その検査を録画していたジェニファーさんは不快感でいっぱいになった。TSA職員はセキュリティの警告音が鳴っていないアーロン君の体を不必要に触り続けた。またダラス・フォートワース警察官2人も両脇に立ち、それを監視していた。ジェニファーさんが録画した動画は2分足らずのものだが、この親子は45分間検査のために空港に足止めされており、結局は乗る予定だった便を逃してしまったという。
アーロン君は自分がしつこく検査されたことを気にして「僕、何かした?」と数時間ジェニファーさんに聞いていたそうだ。「息子は今回のことがすっかりトラウマになってしまいました。こんな風に子供たちに対応するのは間違っているのではないでしょうか」とジェニファーさんはFacebookに綴っている。

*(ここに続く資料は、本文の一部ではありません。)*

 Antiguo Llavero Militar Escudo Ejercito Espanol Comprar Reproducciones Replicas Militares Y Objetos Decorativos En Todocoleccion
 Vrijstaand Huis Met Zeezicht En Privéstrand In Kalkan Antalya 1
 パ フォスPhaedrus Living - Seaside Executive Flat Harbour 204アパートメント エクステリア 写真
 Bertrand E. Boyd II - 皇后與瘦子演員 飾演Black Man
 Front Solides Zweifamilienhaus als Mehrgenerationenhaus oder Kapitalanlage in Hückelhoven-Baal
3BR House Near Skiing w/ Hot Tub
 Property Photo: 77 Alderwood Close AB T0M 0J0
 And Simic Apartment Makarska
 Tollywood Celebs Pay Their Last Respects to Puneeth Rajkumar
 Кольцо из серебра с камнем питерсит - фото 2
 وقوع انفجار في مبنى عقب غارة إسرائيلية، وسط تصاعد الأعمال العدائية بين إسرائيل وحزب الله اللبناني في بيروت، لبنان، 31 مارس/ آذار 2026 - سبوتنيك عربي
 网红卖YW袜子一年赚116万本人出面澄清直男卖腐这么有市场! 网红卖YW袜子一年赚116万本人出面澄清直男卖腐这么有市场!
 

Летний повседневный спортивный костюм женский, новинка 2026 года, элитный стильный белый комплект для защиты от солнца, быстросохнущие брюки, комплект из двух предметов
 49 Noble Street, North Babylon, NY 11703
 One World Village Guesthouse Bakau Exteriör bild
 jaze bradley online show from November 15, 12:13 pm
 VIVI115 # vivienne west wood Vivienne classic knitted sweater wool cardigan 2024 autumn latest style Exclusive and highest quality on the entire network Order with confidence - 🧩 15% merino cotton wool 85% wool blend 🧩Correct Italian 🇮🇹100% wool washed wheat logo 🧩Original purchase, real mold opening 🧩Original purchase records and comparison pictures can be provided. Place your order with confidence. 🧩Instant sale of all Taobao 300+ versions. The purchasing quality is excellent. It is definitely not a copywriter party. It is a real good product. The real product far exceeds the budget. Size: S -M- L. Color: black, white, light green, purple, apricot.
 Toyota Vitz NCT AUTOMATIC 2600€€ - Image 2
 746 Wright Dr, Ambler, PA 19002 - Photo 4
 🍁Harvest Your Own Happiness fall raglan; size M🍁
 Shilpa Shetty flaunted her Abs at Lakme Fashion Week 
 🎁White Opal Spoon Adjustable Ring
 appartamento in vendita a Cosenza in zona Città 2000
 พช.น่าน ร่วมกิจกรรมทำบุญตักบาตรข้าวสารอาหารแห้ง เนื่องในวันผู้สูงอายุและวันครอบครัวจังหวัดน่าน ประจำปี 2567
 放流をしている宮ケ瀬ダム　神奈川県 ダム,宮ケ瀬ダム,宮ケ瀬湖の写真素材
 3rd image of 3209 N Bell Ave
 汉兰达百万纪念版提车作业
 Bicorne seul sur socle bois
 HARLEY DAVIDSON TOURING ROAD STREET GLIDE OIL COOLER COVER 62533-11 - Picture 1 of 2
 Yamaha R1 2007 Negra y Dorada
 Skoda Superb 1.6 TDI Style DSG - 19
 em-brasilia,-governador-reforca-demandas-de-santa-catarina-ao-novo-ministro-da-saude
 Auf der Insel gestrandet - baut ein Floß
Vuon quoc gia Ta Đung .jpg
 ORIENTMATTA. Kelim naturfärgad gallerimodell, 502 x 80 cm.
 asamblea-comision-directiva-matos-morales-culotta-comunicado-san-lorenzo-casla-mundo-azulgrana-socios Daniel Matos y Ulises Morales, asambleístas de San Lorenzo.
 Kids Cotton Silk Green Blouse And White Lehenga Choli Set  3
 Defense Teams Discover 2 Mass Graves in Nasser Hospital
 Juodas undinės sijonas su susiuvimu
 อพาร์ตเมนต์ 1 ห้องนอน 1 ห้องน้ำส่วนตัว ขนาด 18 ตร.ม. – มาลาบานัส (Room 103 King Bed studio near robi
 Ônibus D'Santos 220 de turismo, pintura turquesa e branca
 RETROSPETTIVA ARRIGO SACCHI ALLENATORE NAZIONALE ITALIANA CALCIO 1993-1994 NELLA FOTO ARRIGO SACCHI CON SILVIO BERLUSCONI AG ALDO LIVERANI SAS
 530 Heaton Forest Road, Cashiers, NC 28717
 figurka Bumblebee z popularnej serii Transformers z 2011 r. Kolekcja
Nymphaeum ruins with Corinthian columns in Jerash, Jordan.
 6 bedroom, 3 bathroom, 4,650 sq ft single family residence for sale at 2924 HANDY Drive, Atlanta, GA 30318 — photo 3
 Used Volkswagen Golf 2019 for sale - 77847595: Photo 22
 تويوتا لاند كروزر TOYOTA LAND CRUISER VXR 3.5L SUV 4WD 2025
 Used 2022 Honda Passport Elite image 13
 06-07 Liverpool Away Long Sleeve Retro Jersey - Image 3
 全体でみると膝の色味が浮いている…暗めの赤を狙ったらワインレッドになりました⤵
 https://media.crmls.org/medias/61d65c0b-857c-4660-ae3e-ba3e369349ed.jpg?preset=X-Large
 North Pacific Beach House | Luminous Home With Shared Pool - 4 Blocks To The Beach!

「行き過ぎ」と思われる不必要なボディチェックを子供に繰り返したTSA職員に怒りを感じたジェニファーさんは、動画のシェアを呼び掛けた。すると閲覧数は753万回、シェアは10万超えとなった。コメント数は7万近くにも上っており、様々な意見が寄せられた。
「警告音も鳴っていない子供になぜそこまで触るの。痴漢行為みたい。」
「これはどう見てもこの職員、やり過ぎでしょ。」
「最低。この職員、変態じみてるよ。」
「平気な顔で性的虐待をされるってことが障がい者には起こり得るんだよね。」
「息子さん、よく我慢したね、偉いわ。」
「空港の職員としていうけど、彼らは安全をチェックしてるだけ。変態呼ばわりするのは間違ってる。」
「子供だろうと障がい者だろうとセキュリティチェックは必要だろ。僕の子供たちも何度も同じ目に遭ったよ。」
これに対して、ジェニファーさんは「TSA職員はまるで私たちを犬のように扱いました」と怒りを露わにしている。
過去にも、盗難や障がい者への暴行などの不祥事が取り沙汰され評価の低いTSA職員だが、今回の件でもTSAスポークスマンは「この職員は、搭乗者のラップトップをチェックしていて警告音がなったので、その場にいた上司の指示を受け規定に従ってボディチェックをしたまでです」と話している。